*EXERCISE:* Write out word for word the lines from the one holding "4-pairs of Buckle/BKE Jake Straight Jeans" through the end of the data, and only those lines. Pictures stay out.

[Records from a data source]

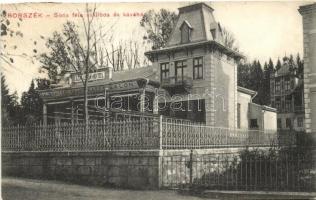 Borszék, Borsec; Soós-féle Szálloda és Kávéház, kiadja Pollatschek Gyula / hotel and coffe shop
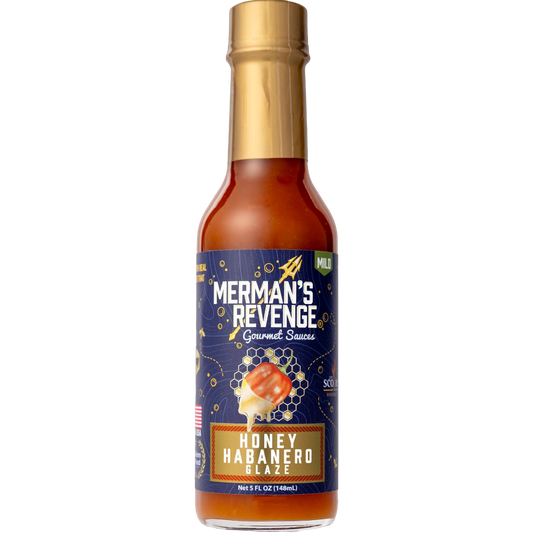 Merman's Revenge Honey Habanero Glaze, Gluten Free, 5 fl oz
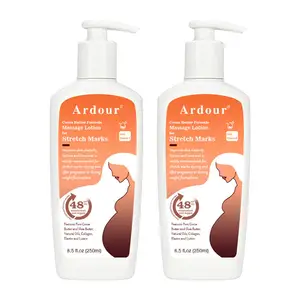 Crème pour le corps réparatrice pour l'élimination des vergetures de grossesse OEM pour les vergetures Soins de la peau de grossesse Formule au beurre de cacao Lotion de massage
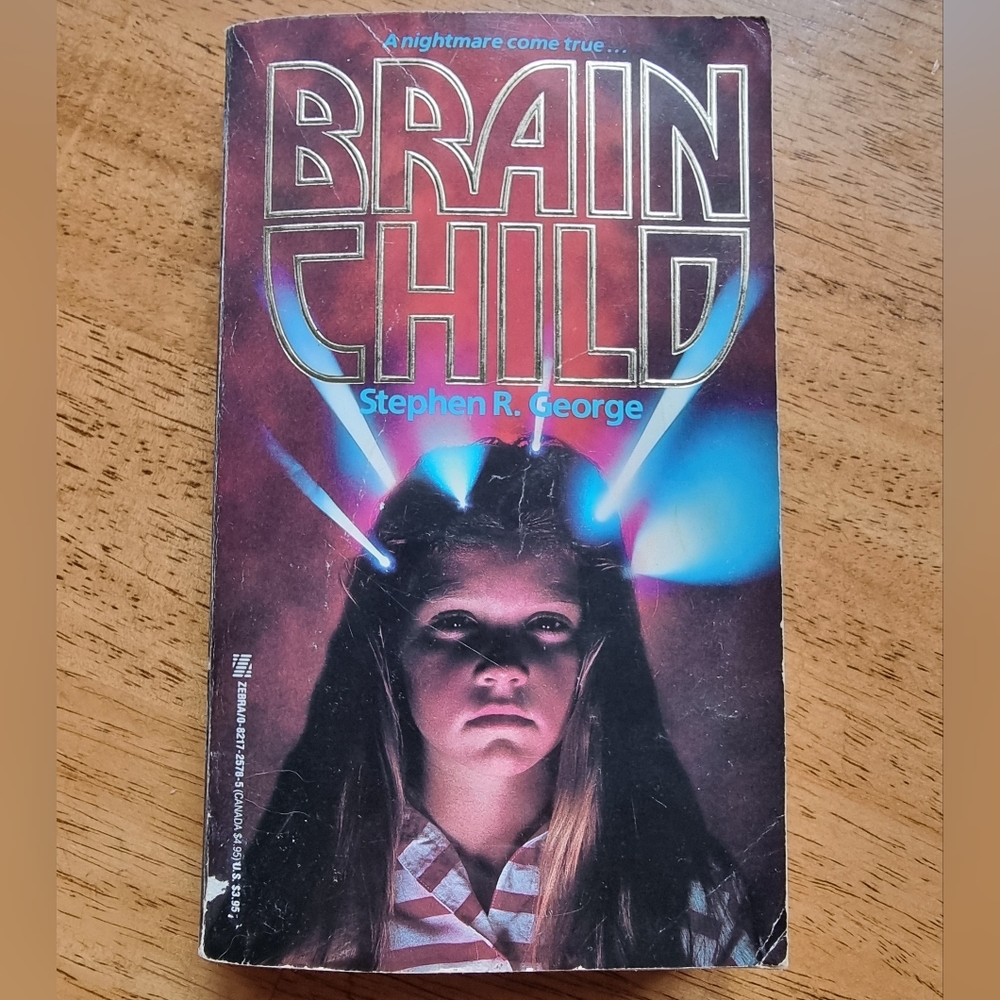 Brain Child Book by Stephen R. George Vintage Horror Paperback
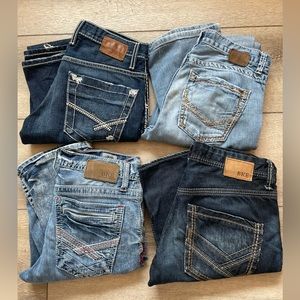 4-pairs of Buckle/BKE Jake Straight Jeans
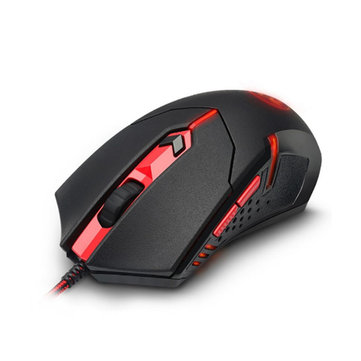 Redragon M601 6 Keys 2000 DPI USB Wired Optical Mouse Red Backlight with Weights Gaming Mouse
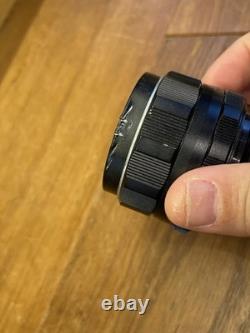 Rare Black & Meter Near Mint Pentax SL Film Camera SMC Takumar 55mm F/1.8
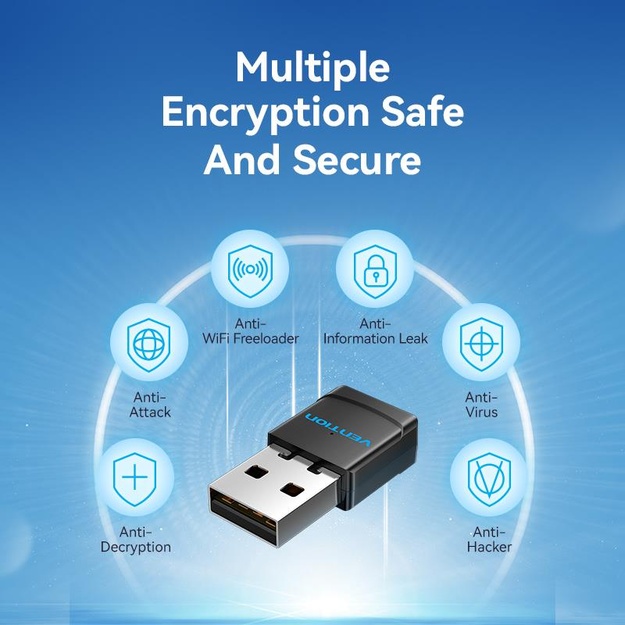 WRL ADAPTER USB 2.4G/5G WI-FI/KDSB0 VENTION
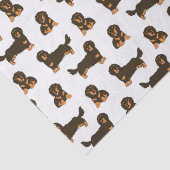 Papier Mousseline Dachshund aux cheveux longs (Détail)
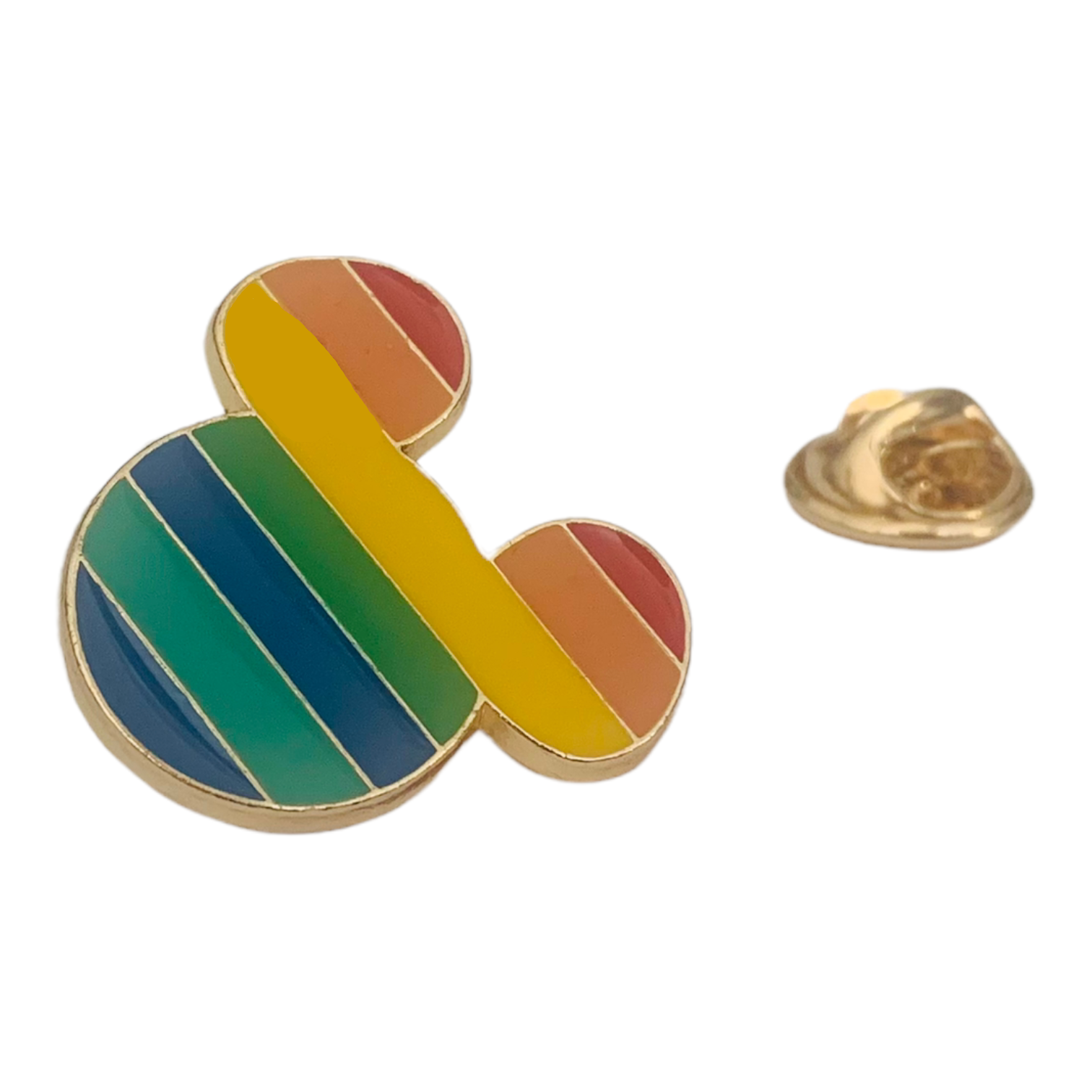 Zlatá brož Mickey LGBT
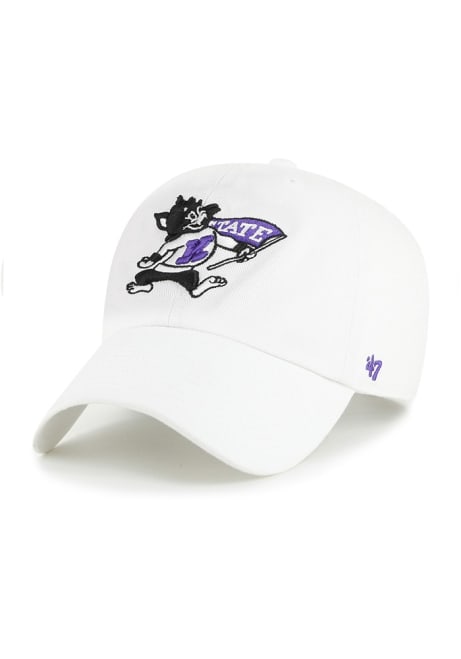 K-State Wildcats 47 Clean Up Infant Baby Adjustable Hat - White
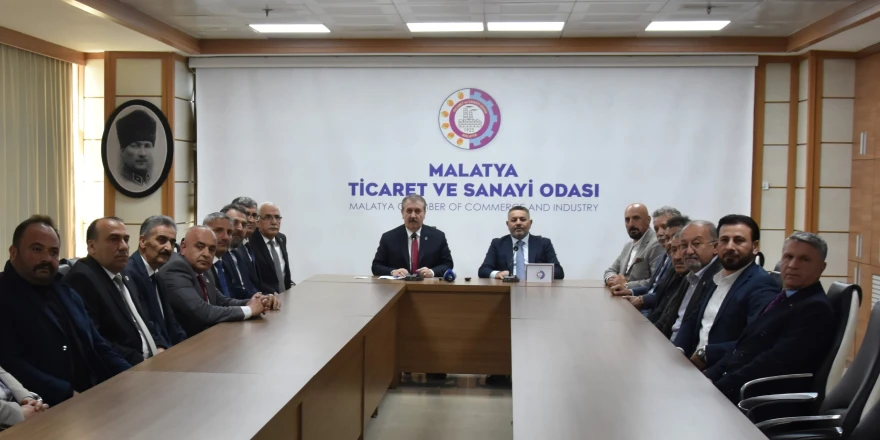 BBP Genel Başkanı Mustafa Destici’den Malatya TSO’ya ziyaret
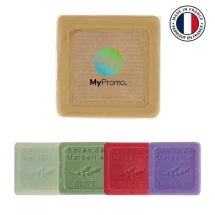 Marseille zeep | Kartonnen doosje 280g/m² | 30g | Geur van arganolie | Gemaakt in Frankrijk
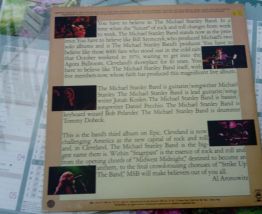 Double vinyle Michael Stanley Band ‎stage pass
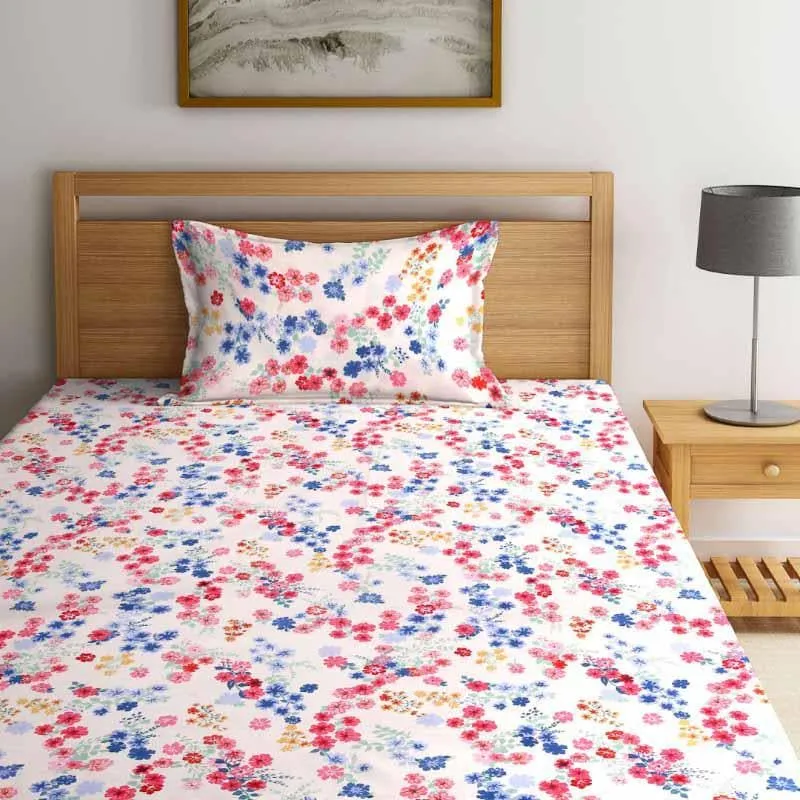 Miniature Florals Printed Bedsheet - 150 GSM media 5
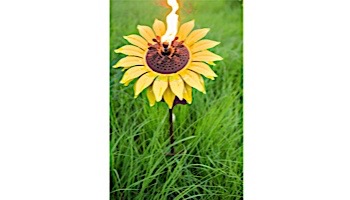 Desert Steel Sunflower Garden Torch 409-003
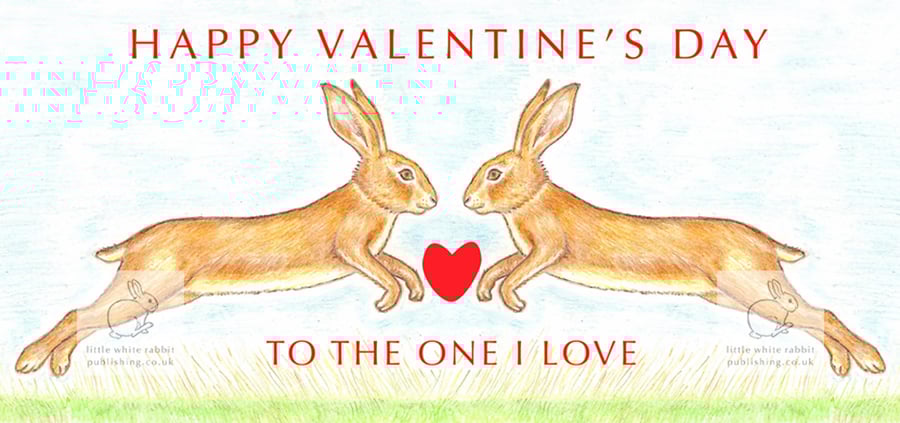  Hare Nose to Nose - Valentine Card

*RESULT FOR THIS TASK:*
 4-pairs of Buckle/BKE Jake Straight Jeans
 Redragon M601 6 Keys 2000 DPI USB Wired Optical Mouse Red Backlight with Weights Gaming Mouse
 Rare Black & Meter Near Mint Pentax SL Film Camera SMC Takumar 55mm F/1.8
 WRL ADAPTER USB 2.4G/5G WI-FI/KDSB0 VENTION
 Papier Mousseline Dachshund aux cheveux longs (Détail)
 Zlatá brož Mickey LGBT
 K-State Wildcats 47 Clean Up Infant Baby Adjustable Hat - White
 BBP Genel Başkanı Mustafa Destici’den Malatya TSO’ya ziyaret
 Marseille zeep | Kartonnen doosje 280g/m² | 30g | Geur van arganolie | Gemaakt in Frankrijk
 Double vinyle Michael Stanley Band ‎stage pass
 Miniature Florals Printed Bedsheet - 150 GSM media 5
 Desert Steel Sunflower Garden Torch 409-003
  Hare Nose to Nose - Valentine Card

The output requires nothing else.